No era un profesional, no iba a ganar dinero con esas fotos, pero bajó hasta las calles, en las que se movían prostitutas, proxenetas, clientes y mirones. Una fauna espectacular de la que Collado ha dejado memoria, como hizo Joan Colom diez años antes, en los sesenta, en el Chino de Barcelona. Colom era otro oficinista gris que para aliviar lacarga de las cuentas bajaba con su cámara, hasta que fue descubierto y enmudeció de miedo las cuatro décadas siguientes.

Querrían llevarse un cachito de realidad a su casa y archivarlo meticulosamente. Saciar su curiosidad y dejar constancia del ambientazo de las calles más concurridas de la versión menos amable de la ciudad. Los fotógrafos de labores domésticas no se arriesgan así. Collado incluye los negativos en la carpeta y los fecha, incluye el tipo de película y la exposición. Ni una institución se ha interesado por el estado de salud de sus fondos.

Toser y disparar

Collado en el Chino esconde la cámara. Baja un día, y repite dos años más tarde. Tira más de cuarenta fotos. A veces pide permiso, la mayoría no. “Me acoplaba al ambiente: las prostitutas, los clientes, los mirones”. Siempre con la cámara lo más disimulada que podía. “Me la apretaba contra la pierna, aquí”, y se toca a la altura del bolsillo.
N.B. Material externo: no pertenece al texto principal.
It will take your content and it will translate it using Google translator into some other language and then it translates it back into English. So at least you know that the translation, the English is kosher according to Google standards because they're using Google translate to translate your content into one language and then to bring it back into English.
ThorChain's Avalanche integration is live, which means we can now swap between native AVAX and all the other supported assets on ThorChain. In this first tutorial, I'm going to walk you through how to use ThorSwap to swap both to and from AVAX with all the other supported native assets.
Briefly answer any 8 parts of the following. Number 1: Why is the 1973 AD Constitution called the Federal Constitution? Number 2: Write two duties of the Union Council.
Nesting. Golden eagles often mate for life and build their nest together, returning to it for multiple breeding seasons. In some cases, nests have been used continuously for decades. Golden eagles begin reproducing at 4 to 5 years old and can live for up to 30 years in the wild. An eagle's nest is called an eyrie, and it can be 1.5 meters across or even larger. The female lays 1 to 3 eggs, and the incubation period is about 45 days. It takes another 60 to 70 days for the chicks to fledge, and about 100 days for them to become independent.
El resultado es uno de los trabajos más sórdidos.

Trataba de tapar la cámara todo lo que podía con la mano. Y a pesar de las precauciones había un inconveniente insuperable o casi: “Mi cámara cuando disparaba, el obturador hacía un ruido espantoso”. ¿Remedio? Toser. “Cada vez que disparaba, tosía”. Y si algo fallaba era más joven, “podía salir corriendo”, dice con mucho humor.
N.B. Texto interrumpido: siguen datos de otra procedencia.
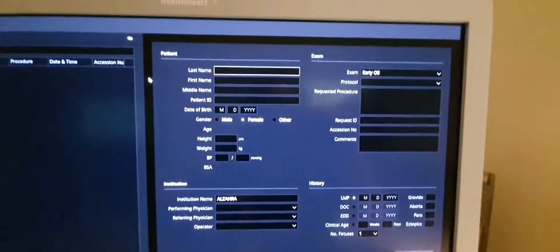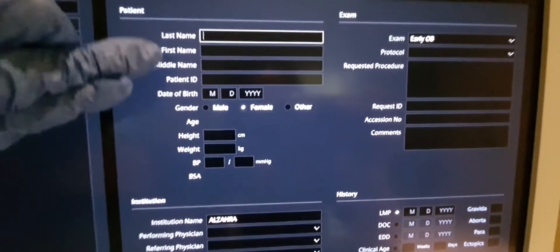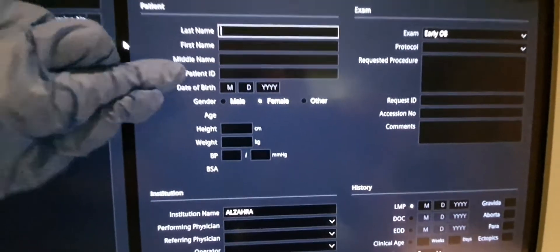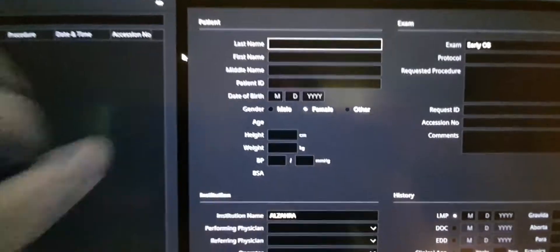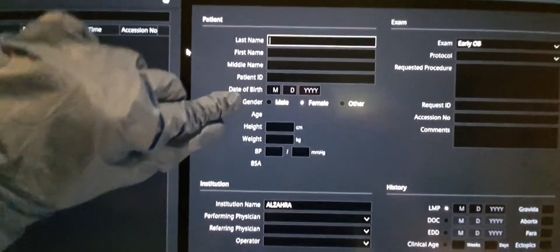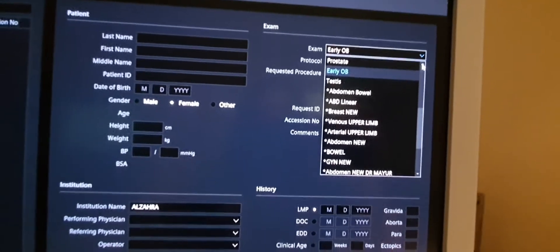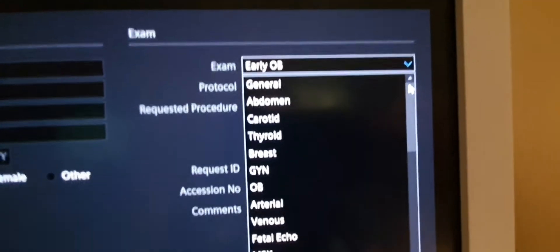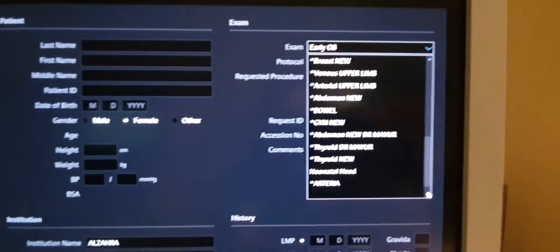Sometimes you need to enter details manually. The important things to include in the patient details are the last name, first name, patient ID — make sure the patient ID is correct, otherwise images will be mixed up with another patient. You also need to input the date of birth, gender, and select which type of exam you're doing: abdomen, carotid, thyroid, and so on.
Es el día de las campanas. Cuando por fin callan aparecen los vencejos, que juegan alrededor de la cúpula de la Iglesia del Carmen, y la voz de Collado vuelve de nuevo. Enumera todas las cámaras que ha tenido, desde que en 1959 compró la primera para no dejar escapar la vida de su hijo recién nacido. “Pero poco a poco me doy cuenta de que me apasiona la fotografía”. Sin aprender de nadie. Todo lo que sabe lo aprendió en el laboratorio que se montó en el cuarto de la ropa.

El tamaño de la felicidad

“El fotógrafo debe ser riguroso, no debe jugar a las mentiras”, dice. La paciencia también, la intención por supuesto. Y empatía, hablar, acercarse al otro y derribar los estereotipos. Las primeras revistas de fotógrafos extranjeros las compró en los setenta, hasta entonces nada. “Yo no he copiado de nadie”, aunque siente especial predilección por las imágenes de Gabriel Cualladó y Francesc Català-Roca. “Soy una persona que practica una fotografía parecida a todos ellos, ni mejor ni peor. Soy uno de ellos”.
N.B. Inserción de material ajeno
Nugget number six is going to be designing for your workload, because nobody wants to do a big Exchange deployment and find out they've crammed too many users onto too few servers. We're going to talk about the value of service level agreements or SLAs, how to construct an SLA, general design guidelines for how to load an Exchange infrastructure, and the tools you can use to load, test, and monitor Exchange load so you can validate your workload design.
Un día en los setenta pasa cerca de un poblado gitano y los chavales le llaman. Quieren que les haga fotos. Accede y termina por retratar a toda la comunidad en una mañana, con los niños entregados a su cámara y los mayores sonriendo. Abajo los prejuicios. Collado visita la exclusión social y la dignifica, sin ironía ni sarcasmo, con el drama de los encuadres de urgencia.

Los fotógrafos que escuchan y miran, ven las mareas y tormentas de sus retratados. Collado supo hacerlo, incluso cuando no sabían que él miraba. Suele hablar de la felicidad y el resto de comensales de la terraza, en la que las campanas han vuelto a repicar con insistencia, pegan el oído atentamente a ver si pueden sacar algo en claro de la voz de la experiencia. Señala a su cámara digital: “Con esto que he hecho yo ya soy feliz”. Es posible que la felicidad sea del tamaño de un negativo. Al terminar su menta poleo y recoger sus cosas, la mesa de al lado se percata y le entrega una servilleta-retrato. El cazador ha sido cazado.

Las fotos que no se olvidan jamás son las que se escapan. “La fotografía que pierdes es porque te falta coraje”, dice Joaquín Collado, casi 84 años de edad, contable en un banco, fotógrafo de fin de semana, casi 40.000 negativos después y más de cinco décadas congelando Valencia, y todavía recuerda aquella imagen de la monja, un convento, al fondo prostitutas y clientes, en primer plano un niño que vende marcos de cuadros... Una foto excelente, capaz de convertirse en el icono de la obra de cualquiera. Una foto que se le echa de menos.